Some time away and pressure of work explain the absence of recent posts on this site. So here’s a catch-up. In COCAPP, data generation and analysis are pressing ahead, whilst COCAPP-A (which is asking questions about care planning in acute mental health hospitals) has officially commenced. Plan4Recovery (which is concerned with shared decision-making and social connections for people using mental health services) is generating data. The draft final report from the RiSC study has now been peer reviewed and is back with us, the research team, for revisions. Methods and findings from this project (an evidence synthesis in the area of risk for young people moving into, through and out of inpatient mental health hospital) were also presented last month at the CAMHS conference at the University of Northampton. Many thanks to Steven Pryjmachuk for doing this.

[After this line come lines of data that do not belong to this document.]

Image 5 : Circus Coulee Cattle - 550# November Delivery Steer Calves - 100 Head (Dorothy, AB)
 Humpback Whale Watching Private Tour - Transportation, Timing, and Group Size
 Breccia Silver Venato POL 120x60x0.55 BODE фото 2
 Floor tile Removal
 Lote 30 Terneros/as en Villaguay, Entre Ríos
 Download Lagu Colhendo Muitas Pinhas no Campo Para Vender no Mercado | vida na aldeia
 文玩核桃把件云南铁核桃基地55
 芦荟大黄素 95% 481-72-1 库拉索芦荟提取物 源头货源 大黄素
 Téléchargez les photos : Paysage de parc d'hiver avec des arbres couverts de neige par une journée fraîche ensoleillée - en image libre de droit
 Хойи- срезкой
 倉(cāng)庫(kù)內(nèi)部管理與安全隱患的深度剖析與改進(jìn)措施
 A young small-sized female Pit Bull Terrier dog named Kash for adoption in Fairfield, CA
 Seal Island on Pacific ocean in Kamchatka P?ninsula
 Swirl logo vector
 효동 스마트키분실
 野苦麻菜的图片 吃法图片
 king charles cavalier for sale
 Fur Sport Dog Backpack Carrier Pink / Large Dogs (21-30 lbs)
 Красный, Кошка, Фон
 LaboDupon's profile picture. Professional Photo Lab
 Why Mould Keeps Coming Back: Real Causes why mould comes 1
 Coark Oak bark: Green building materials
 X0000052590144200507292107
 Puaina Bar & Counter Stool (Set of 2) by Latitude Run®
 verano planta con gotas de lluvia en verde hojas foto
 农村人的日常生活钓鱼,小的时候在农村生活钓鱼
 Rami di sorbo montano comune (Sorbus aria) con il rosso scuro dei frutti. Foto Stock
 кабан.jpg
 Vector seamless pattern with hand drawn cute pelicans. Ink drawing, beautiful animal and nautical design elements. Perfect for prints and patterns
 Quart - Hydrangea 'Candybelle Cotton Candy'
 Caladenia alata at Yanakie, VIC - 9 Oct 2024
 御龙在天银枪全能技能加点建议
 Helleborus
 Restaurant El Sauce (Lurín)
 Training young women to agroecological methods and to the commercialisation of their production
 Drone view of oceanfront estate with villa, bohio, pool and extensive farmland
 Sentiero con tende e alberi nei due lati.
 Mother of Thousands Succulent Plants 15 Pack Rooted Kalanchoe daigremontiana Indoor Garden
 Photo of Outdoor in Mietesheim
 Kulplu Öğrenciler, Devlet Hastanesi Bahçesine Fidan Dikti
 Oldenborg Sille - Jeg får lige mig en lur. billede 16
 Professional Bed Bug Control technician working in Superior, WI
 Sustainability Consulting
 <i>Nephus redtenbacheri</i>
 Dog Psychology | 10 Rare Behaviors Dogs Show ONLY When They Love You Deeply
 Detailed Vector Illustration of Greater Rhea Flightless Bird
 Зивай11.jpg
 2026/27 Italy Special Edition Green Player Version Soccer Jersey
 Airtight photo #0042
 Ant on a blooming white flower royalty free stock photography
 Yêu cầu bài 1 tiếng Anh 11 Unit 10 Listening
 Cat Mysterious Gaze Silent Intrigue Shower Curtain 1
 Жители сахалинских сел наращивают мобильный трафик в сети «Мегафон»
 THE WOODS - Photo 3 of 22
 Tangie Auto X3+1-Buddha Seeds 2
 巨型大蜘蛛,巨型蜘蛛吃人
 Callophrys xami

Further conference presentations, from all but COCAPP-A, will also be delivered at this year’s NPNR conference. And, for the first time, I’m off to an event organised by Horatio: European Psychiatric Nurses. Horatio is a member of ESNO: European Specialist Nurses Organisations, and the event I’m speaking at in November is the 3rd European Festival of Psychiatric Nursing. One of the papers I’m delivering is titled, ‘Mental health nursing, complexity and change’. Here’s my abstract:

In this presentation I principally draw on two studies conducted in the UK to share some cumulative insights into the interconnected worlds of mental health policy, services, work (including that of nurses) and the experiences of users. I first set the scene with a brief review of the historic system-wide shift away from hospitals in favour of care being increasingly provided to people in their own homes. I emphasise the importance of this development for the mental health professions, and show how community care opened up new jurisdictional opportunities for nurses, social workers and others. I then draw on data from a project using a comparative case study design and ethnographic methods to show how the everyday work of mental health nurses (and others) is shaped both by larger jurisdictional claims and the contextual peculiarities of the workplace. From this same project I also show how the detailed, prospective, study of unfolding service user trajectories can lay bare true divisions of labour, including the contributions made by people other than mental health professionals (including support staff without professional accreditation, community pharmacists and lay carers) and by users themselves. I then introduce the second study, an investigation into crisis resolution and home treatment (CRHT) services, with an opening account of the unprecedented policymaking interest shown in the mental health system from the end of the 1990s. CRHT services appeared in this context, alongside other new types of community team, and I draw on detailed ethnographic case study data to examine crisis work, the wider system impact of setting up new CRHT services and the experiences of users. I close the presentation overall with some reflections on the cumulative lessons learned from these linked studies, and with some speculative ideas (on which I invite discussion) on the continued reshaping of the mental health system at a time of economic constraint, health policy contestation and political devolution.

I’ve given myself something of a challenge in attempting all this in a single concurrent session, but I’ll do my best and can signpost interested participants to papers I have published in these areas. One of my reasons for heading off to the Horatio event (in Malta, as it happens) is to make connections with international colleagues, with whom I might usefully share my projects, interests and ideas and perhaps find common ground.